Gentleness is underrated and undervalued in the world and in the church. We prize power and authority and charisma. We want leaders who sound like TED talk speakers and who can capture our attention and hold it, leaders who are magnetic and whom we want to follow, who will impress our friends and family. Leaders who could do any number of jobs well and be recognised as leaders in their field. We also want to be that. We want all that because we have a Corinthian complex.

The problem for the church in Corinth is that there is too much of Corinth in the Church. Sin, petty squabbles, celebrity status, sexual immorality, fighting to be heard and seen, are rampant. That’s our problem in so many ways. We want to be wise. We want to be able to dazzle the world.
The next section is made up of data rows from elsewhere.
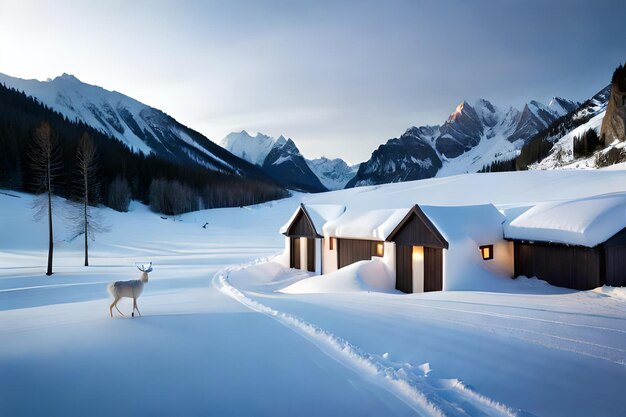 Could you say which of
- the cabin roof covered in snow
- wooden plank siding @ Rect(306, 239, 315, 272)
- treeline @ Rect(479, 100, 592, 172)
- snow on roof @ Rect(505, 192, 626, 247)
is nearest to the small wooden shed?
the cabin roof covered in snow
To be as proficient as they are, as professional, as polished in our performance – something I thinking online church has fuelled. I’m not saying we should be amateurish and incompetent. But here’s my concern, I see it in myself, I see it in others and I see it in the western church. The desire to want to do things well leads us to use power to achieve those ends, it puts pressure on others because they don’t want to let the side down.

I was really struck yesterday in reading Shai Linne’s The New Reformation with his description of gentleness as “strength under control.” I read that and then carried on preparing next terms sermon series in 1 Timothy and in chapter 3 we see Paul insist to Timothy that elders must not be “a bully but gentle” Leaders in God’s church exercise strength under control, not to crush or burden or manipulate but to shepherd. It did get me thinking though that gentleness can be much harder to spot that worldly leadership.

Gentleness is not weakness, it’s not being a doormat – something which Christians seem overly concerned they are called to be and have a strong aversion to. But we follow a Saviour who was gentle. Who used his considerable strength not for his own ends, but who curbed it in service of others. Who could have made the stones cry out but didn’t. Who could have commanded the angels to take him down from the cross but didn’t. Who did use his strength – to calm the waves, to multiply food, to raise the dead, to cast out evil spirits – not in acts of vain self glory but to bring God’s kingdom; to free prisoners, remove shackles, bind wounds, proclaim a kingdom whose king came to serve not be served.

Please be gentle. Be gentle with one another – if Jesus doesn’t snuff out a smouldering wick dare we? If Jesus doesn’t break a bruised reed dare we? Be gentle with your exercise of God given authority be it in the family, the workplace, the community, or the church. Be gentle with the lost, win them by serving them, flex your strength in service of them not in trying to wrestle them into submission with heavy artillery arguments or polished performance, show them the king who restrains his strength in order to win their salvation.

3 thoughts on “Please be gentle

  1. Amen. Good word for today.

    And one admonition is found in 2 Corinthians 10 where the apostle begins, “Now I Paul myself beseech you by the meekness and gentleness of Christ, who in presence am base among you, but being absent am bold toward you…” Certainly, our Saviour had power that he could have released any time but the times that he did release it was to glorify God.

    Also, I like the idea of “bring God’s kingdom.” That speaks volumes to me.